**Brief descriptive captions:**
%%
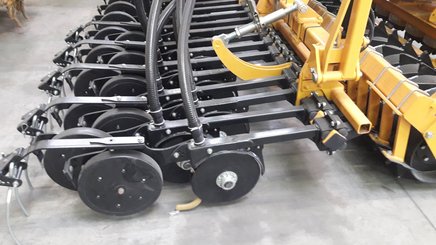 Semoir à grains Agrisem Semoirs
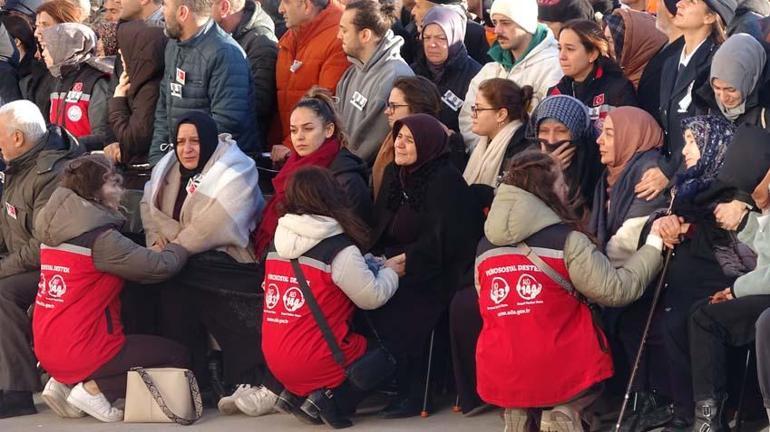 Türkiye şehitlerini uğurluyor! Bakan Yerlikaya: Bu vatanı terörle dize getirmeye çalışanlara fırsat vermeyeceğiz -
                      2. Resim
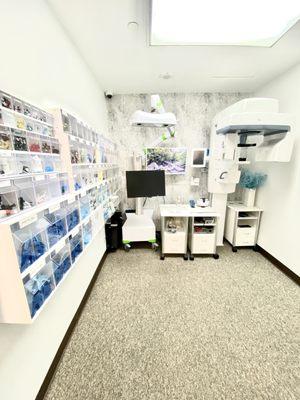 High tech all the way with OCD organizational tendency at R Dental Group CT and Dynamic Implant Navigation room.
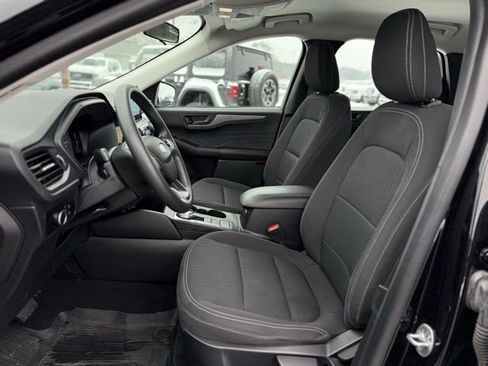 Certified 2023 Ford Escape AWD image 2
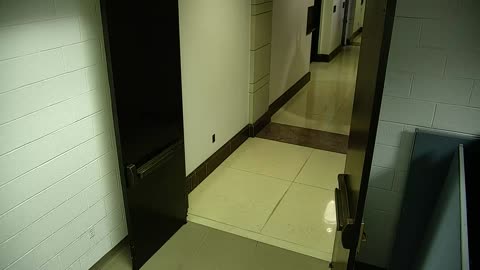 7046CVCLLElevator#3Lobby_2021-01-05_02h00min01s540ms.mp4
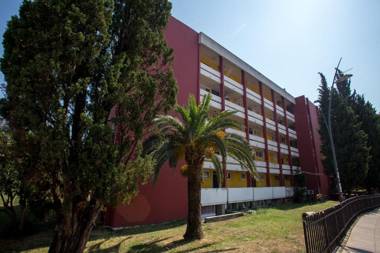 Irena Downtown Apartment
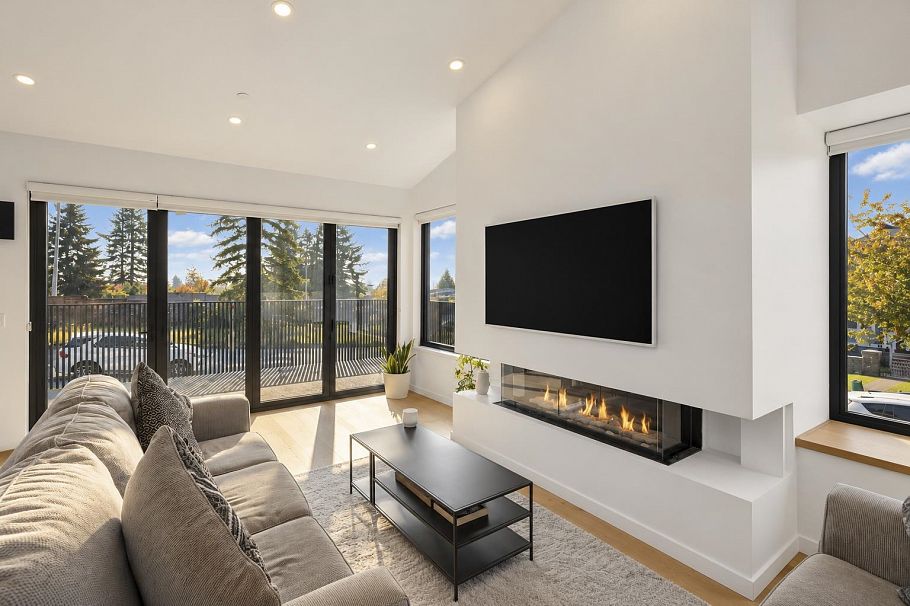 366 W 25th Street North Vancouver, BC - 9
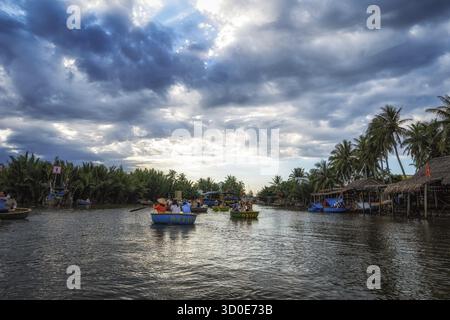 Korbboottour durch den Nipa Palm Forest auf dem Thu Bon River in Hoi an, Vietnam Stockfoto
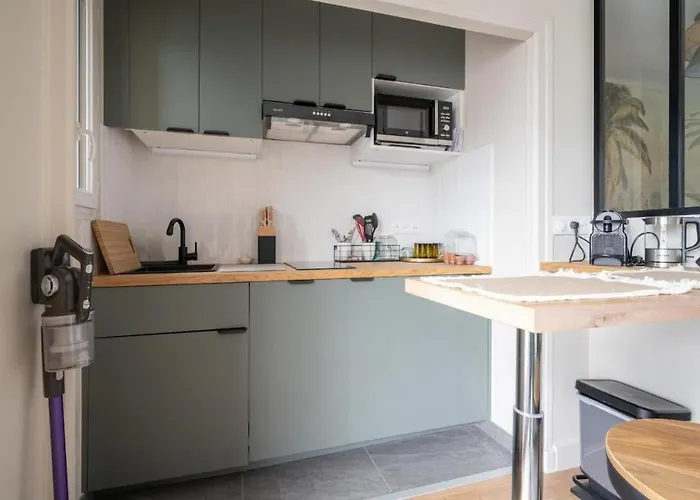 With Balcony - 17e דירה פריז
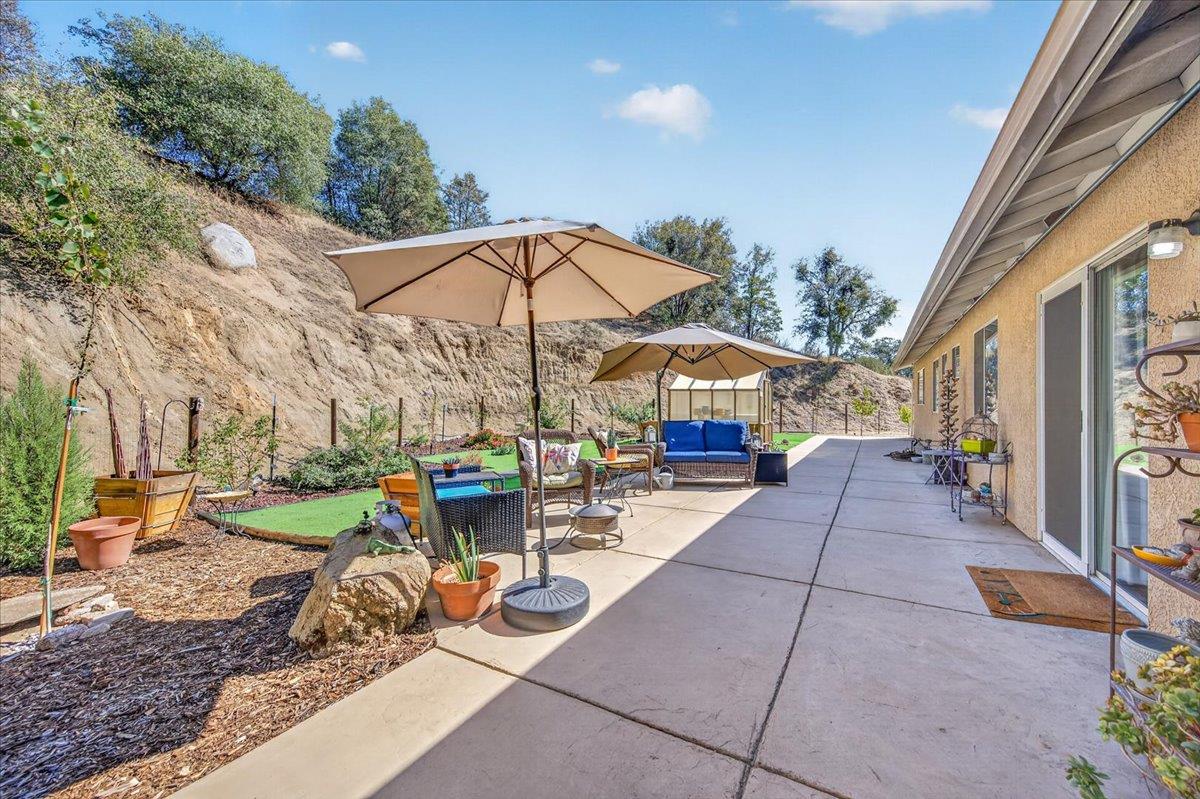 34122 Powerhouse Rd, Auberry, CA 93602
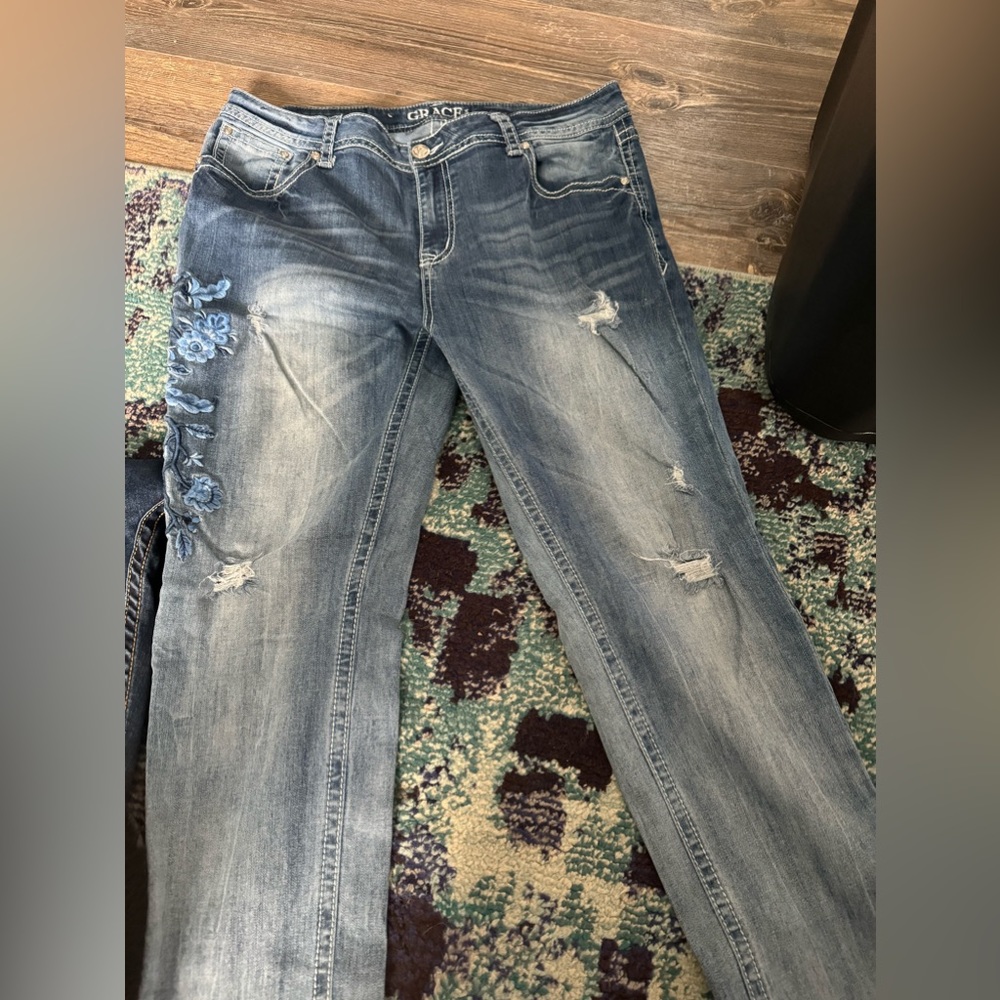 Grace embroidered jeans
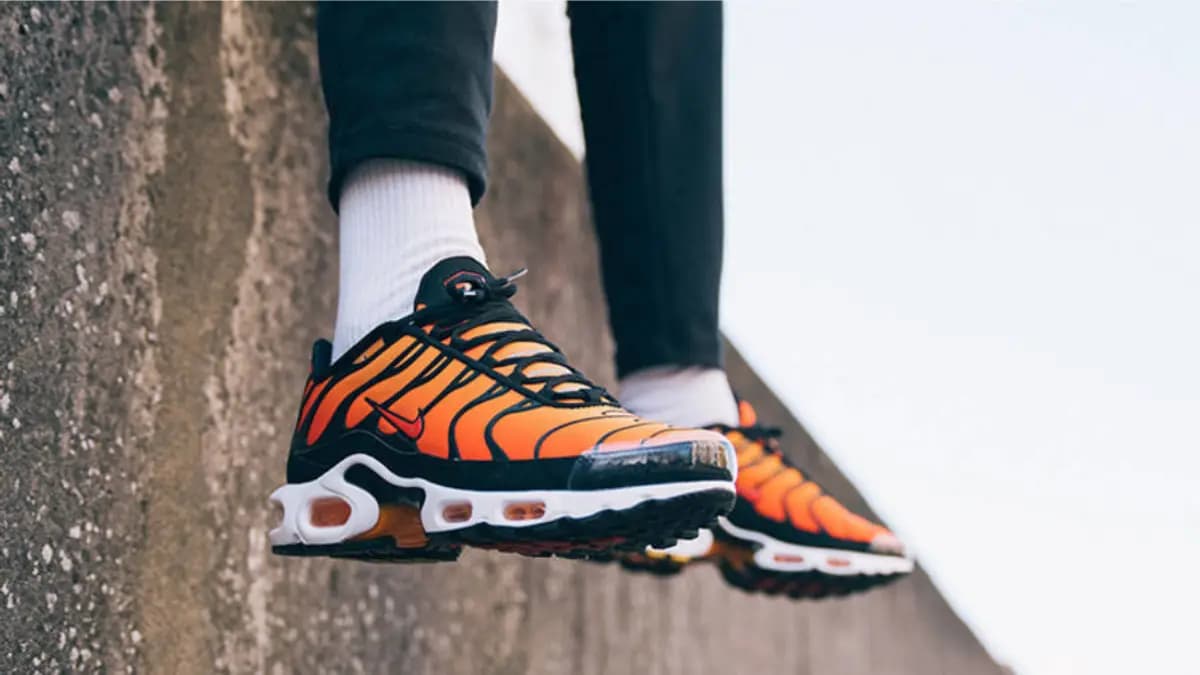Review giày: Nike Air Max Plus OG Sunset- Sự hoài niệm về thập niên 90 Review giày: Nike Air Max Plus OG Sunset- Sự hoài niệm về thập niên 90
%%
**What is needed:**
Begin at the line containing "34122 Powerhouse Rd, Auberry, CA 93602" and write out every line to the end of the data exactly. Skip the pictures.

**Result of the exercise:**
 34122 Powerhouse Rd, Auberry, CA 93602
 Grace embroidered jeans
Review giày: Nike Air Max Plus OG Sunset- Sự hoài niệm về thập niên 90 Review giày: Nike Air Max Plus OG Sunset- Sự hoài niệm về thập niên 90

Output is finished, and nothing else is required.